··· Dataset excerpts ···

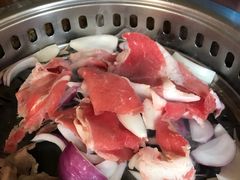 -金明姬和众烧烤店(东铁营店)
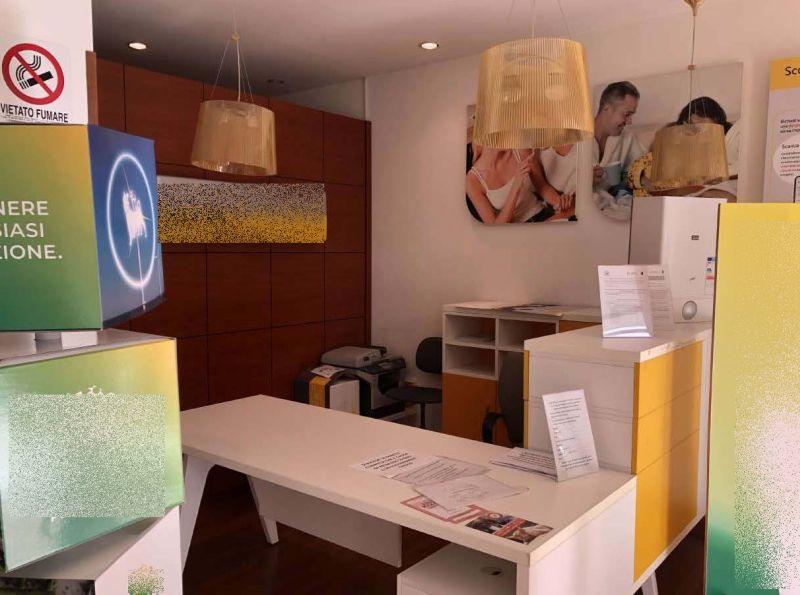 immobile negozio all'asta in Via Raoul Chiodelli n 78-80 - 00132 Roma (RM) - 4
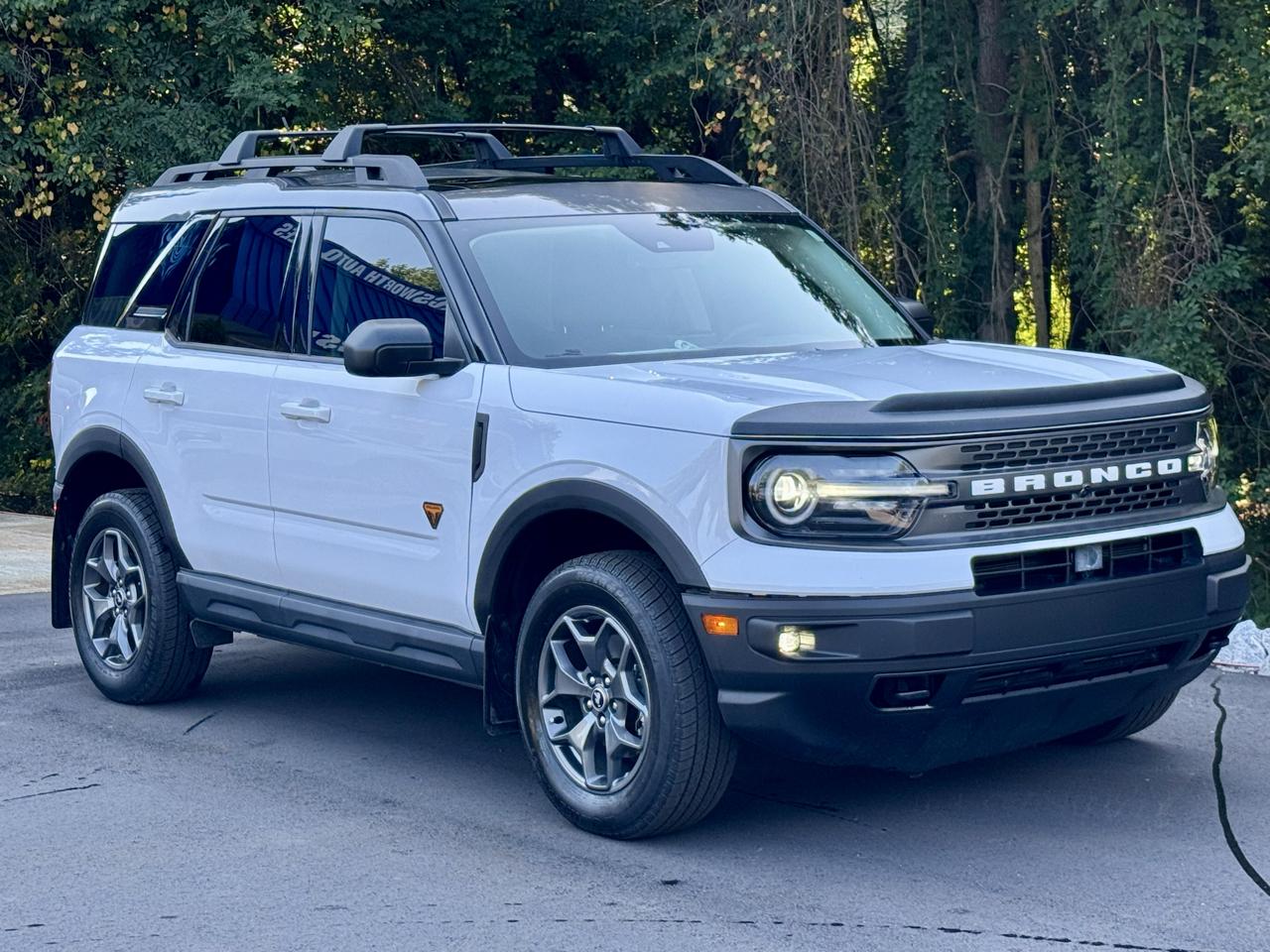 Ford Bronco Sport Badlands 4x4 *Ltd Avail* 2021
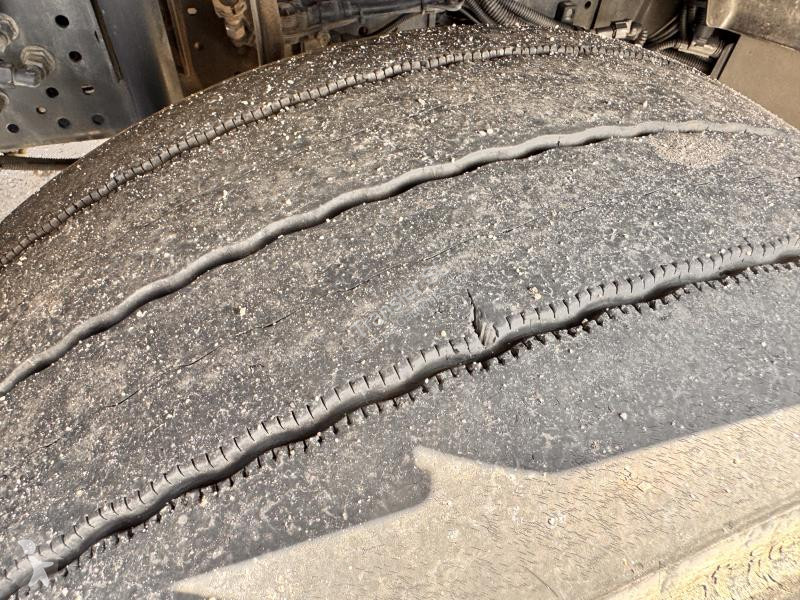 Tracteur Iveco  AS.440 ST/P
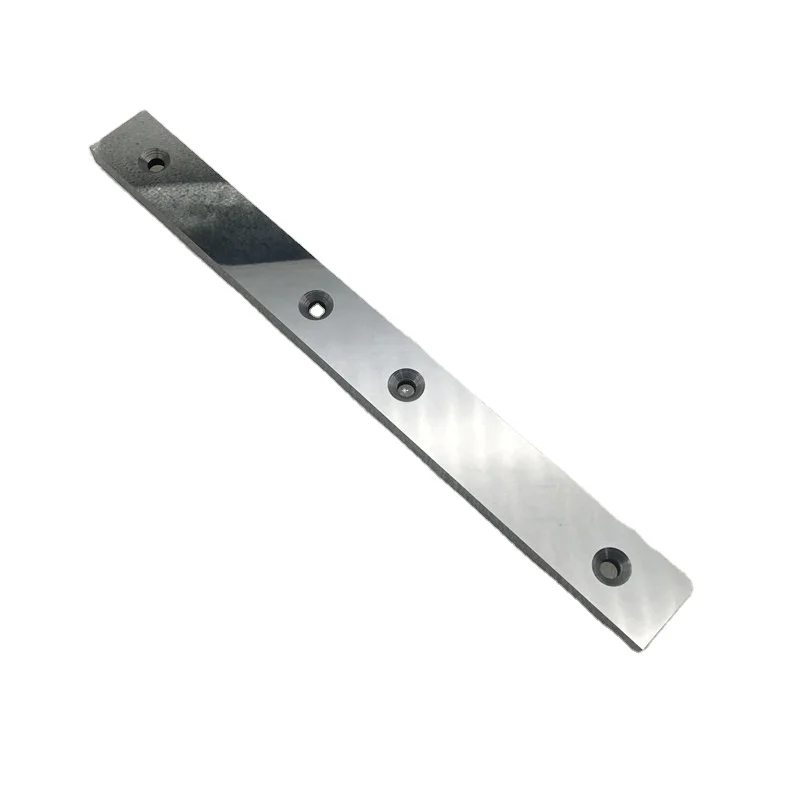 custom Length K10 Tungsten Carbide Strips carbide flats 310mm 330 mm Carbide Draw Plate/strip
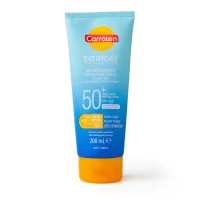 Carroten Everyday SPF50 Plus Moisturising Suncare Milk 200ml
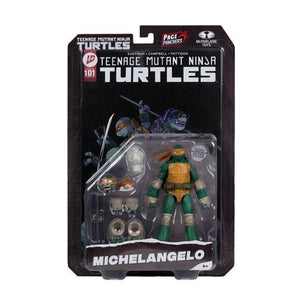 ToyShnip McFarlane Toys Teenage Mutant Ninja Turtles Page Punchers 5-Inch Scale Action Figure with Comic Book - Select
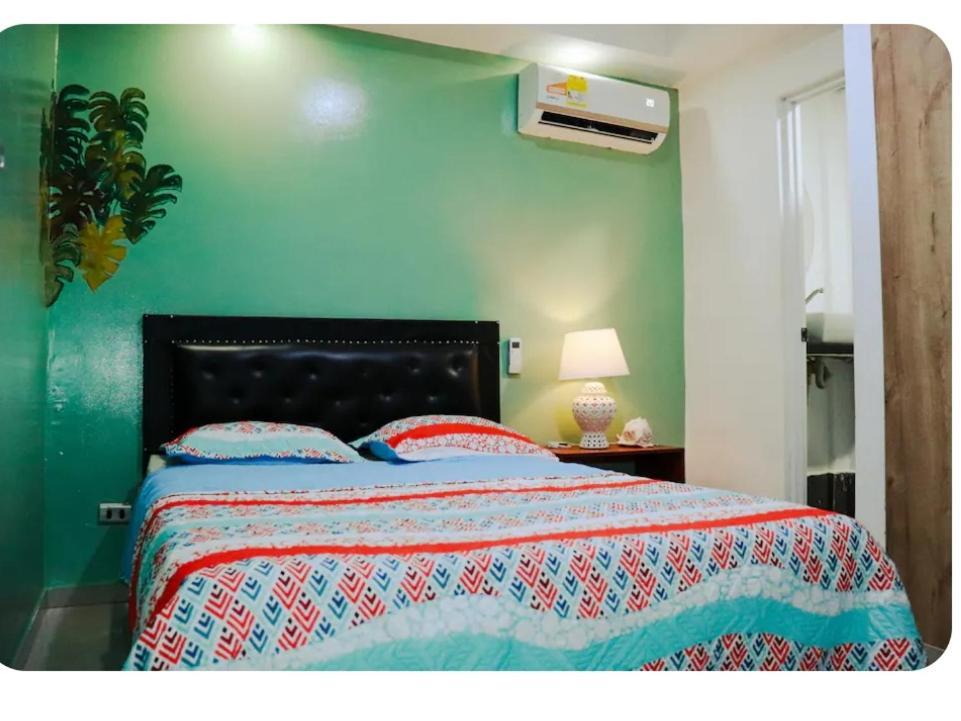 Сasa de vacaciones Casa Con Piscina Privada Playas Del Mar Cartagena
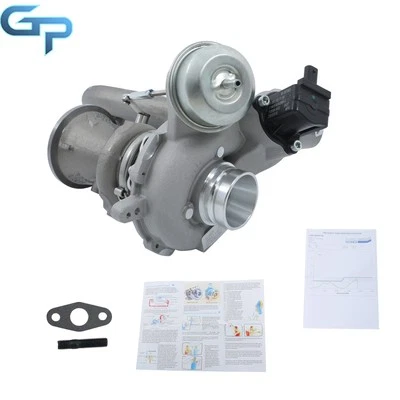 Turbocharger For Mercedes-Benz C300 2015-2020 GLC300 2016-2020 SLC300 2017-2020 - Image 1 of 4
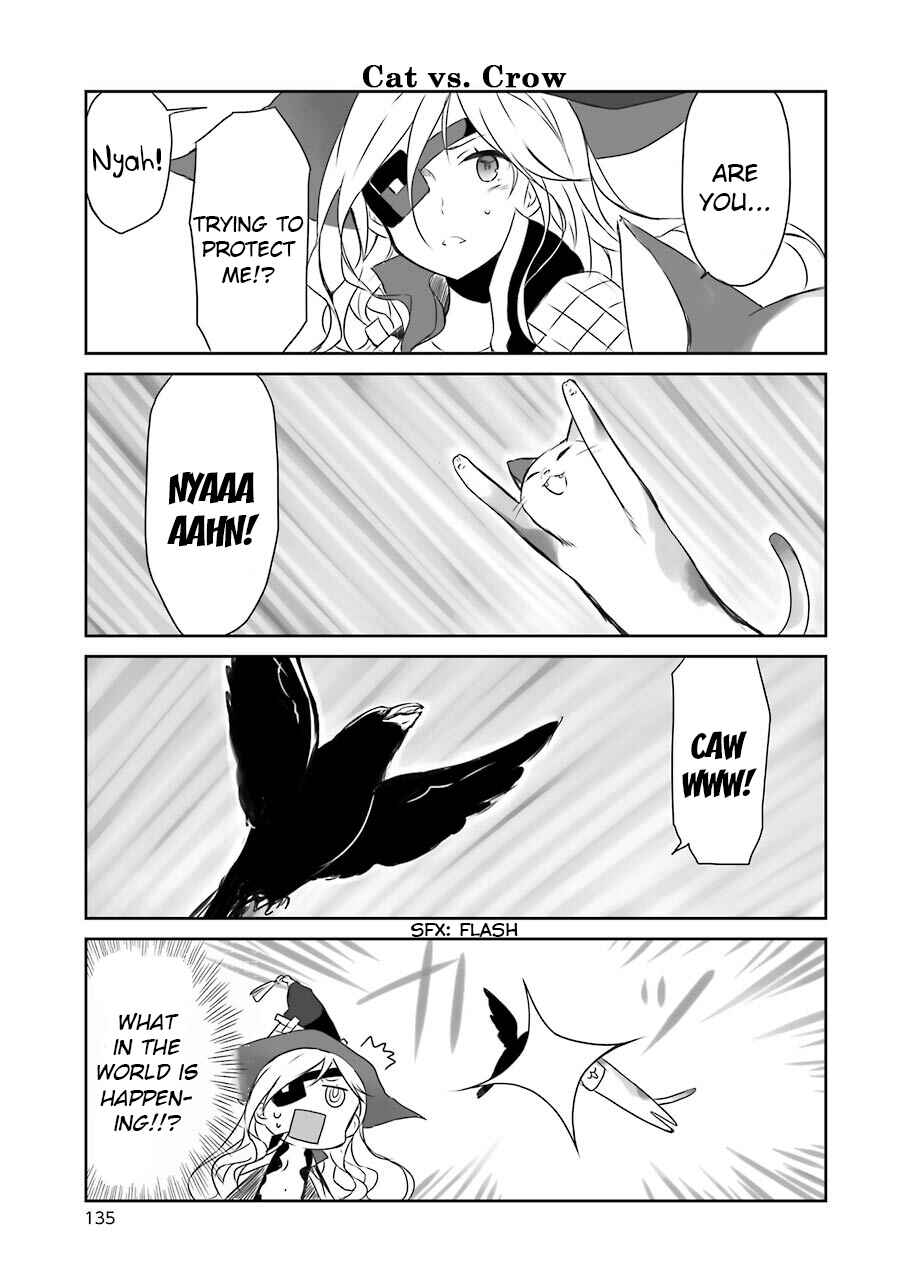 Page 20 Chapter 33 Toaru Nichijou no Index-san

···

## How to complete this task
Repeat word for word, and nothing more, the lines between the line containing "Сasa de vacaciones" and the last line of the records above, inclusive, without pictures.

## Answer for this exercise
 Сasa de vacaciones Casa Con Piscina Privada Playas Del Mar Cartagena
 Turbocharger For Mercedes-Benz C300 2015-2020 GLC300 2016-2020 SLC300 2017-2020 - Image 1 of 4
 Page 20 Chapter 33 Toaru Nichijou no Index-san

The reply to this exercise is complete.